Sudan and South Sudan have hammered out a deal over oil, resolving a key part of a bitter dispute that brought the rivals to the brink of all-out war earlier this year. "The parties have agreed on all of the financial arrangements regarding oil," said African Union mediator Thabo Mbeki, two days after a United Nations deadline for the neighbours to resolve arguments over oil and borders expired.
Landlocked South Sudan said it had agreed to pay a pipeline transit fee of $9.48 per oil barrel to transport its crude through Sudan, a significant drop from Khartoum''s initial demands of up to $36 a barrel in fees. In addition, Juba agreed to make a "one-off payment" to Khartoum of some $3 billion to cover the massive financial gap created by the South''s independence last year, a fractious divorce that left a raft of issues unresolved.
"This is a good deal.... South Sudan will finally be able to focus its attention and dedicate its full resources to establish our state," Juba said in a statement. Mutrif Siddiq, a Sudanese delegate to the talks in the Ethiopian capital, said the deal was "reasonable", although it did not meet the expectations of either side. US Secretary of State Hillary Clinton, who travelled to South Sudan''s capital to meet President Salva Kiir on Friday - just hours before the deal was struck - praised the agreement between the former civil war foes.
"I welcome the agreement... (it) reflects leadership and a new spirit of compromise by both sides," she told reporters in the Kenyan capital Nairobi, the latest leg of her Africa tour. "The future of South Sudan is now brighter.... for Sudan too, this agreement offers a way out of the extreme economic stress it is now experiencing," she added.
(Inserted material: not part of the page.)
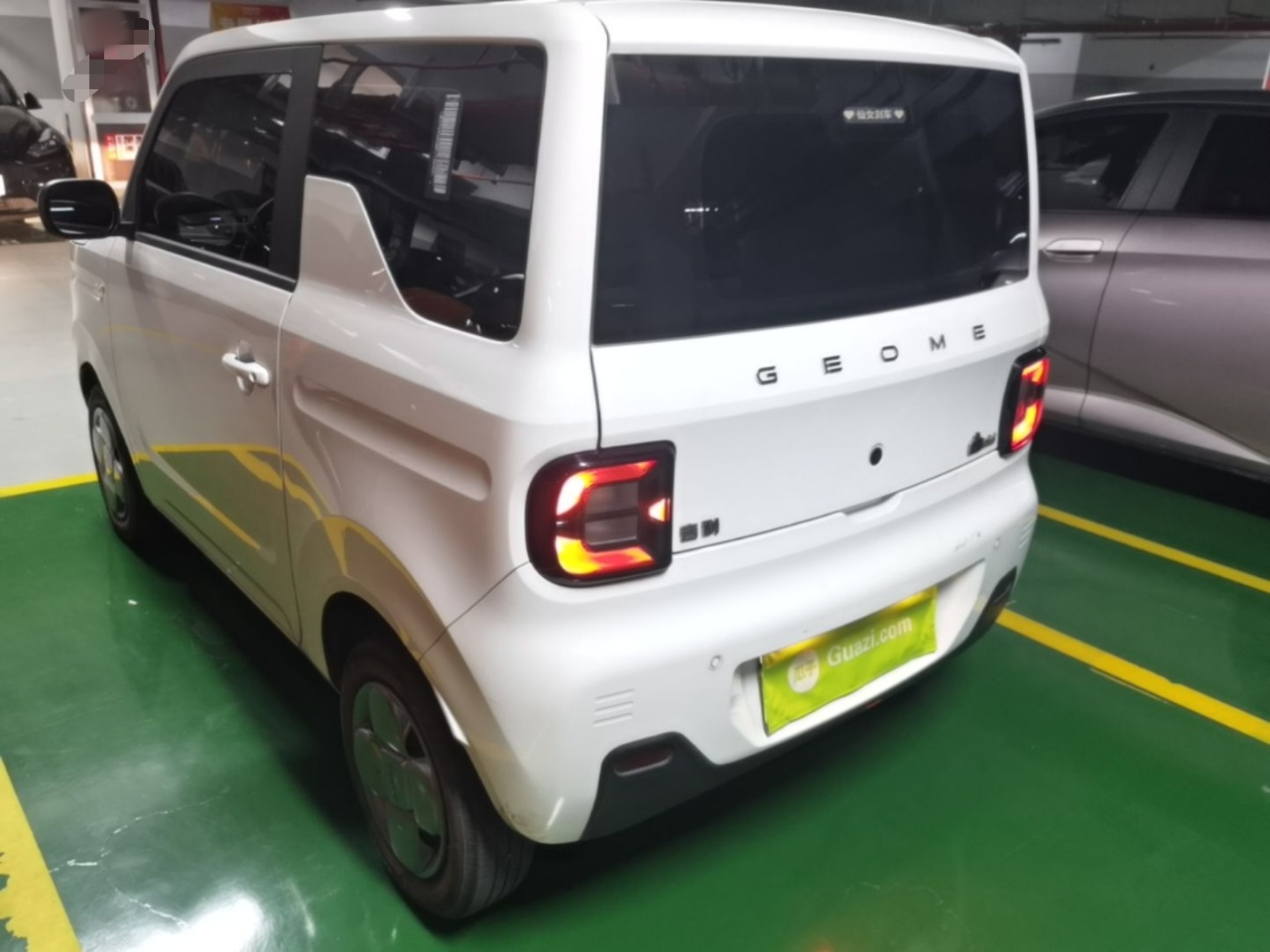 Geely Galaxy Panda 2023 Panda Mini 200km Endurance Bear — снимка 4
The AU has been mediating year-long talks to try to resolve disputes that flared after South Sudan''s independence in July 2011, the final stage of a 2005 peace deal to end one of Africa''s longest civil wars. Mbeki said both sides would meet next month to try to find a deal on the disputed border region of Abyei - one of the most sensitive issues remaining - with a new AU deadline set of September 22 to resolve outstanding issues.
Sudanese President Omar al-Bashir is expected to meet with Kiir next month, he added. "We have reached a final agreement with South Sudan on oil transit, and we expect to settle other files under negotiation," Sudan''s under-secretary at the petroleum ministry, Awad Abdul Fatah, told the official SUNA news agency.
A timetable will be drawn up for the resumption of oil production and exports, which are key to the economies of both deeply impoverished countries. However, analysts suggest it could take up to six months for South Sudan to be able to resume full oil production. Oil generates about 98 percent of South Sudan''s government revenue. South Sudan took with it three-quarters of the oil held by the previously united nation, but the processing and shipping facilities remained in Sudan. The two sides could not agree on how much Juba should pay to export its crude through northern pipelines and ports, leading the South to shut down production in January after Khartoum began seizing the oil in lieu of payment. The deal struck lasts for three and a half years, Juba said, after which it hopes to have completed proposed export pipelines to Kenya or Djibouti.
Despite the deal, Juba''s chief negotiator Pagan Amum accused Khartoum of violating a peace plan drawn up by the AU in April, notably by bombing South Sudan, which he said laid it open to sanctions. Contentious issues remain. Sudan accuses South Sudan of supporting insurgents on its territory, a charge analysts believe despite denials by Juba, which in turn accuses Khartoum of backing rebels on its territory.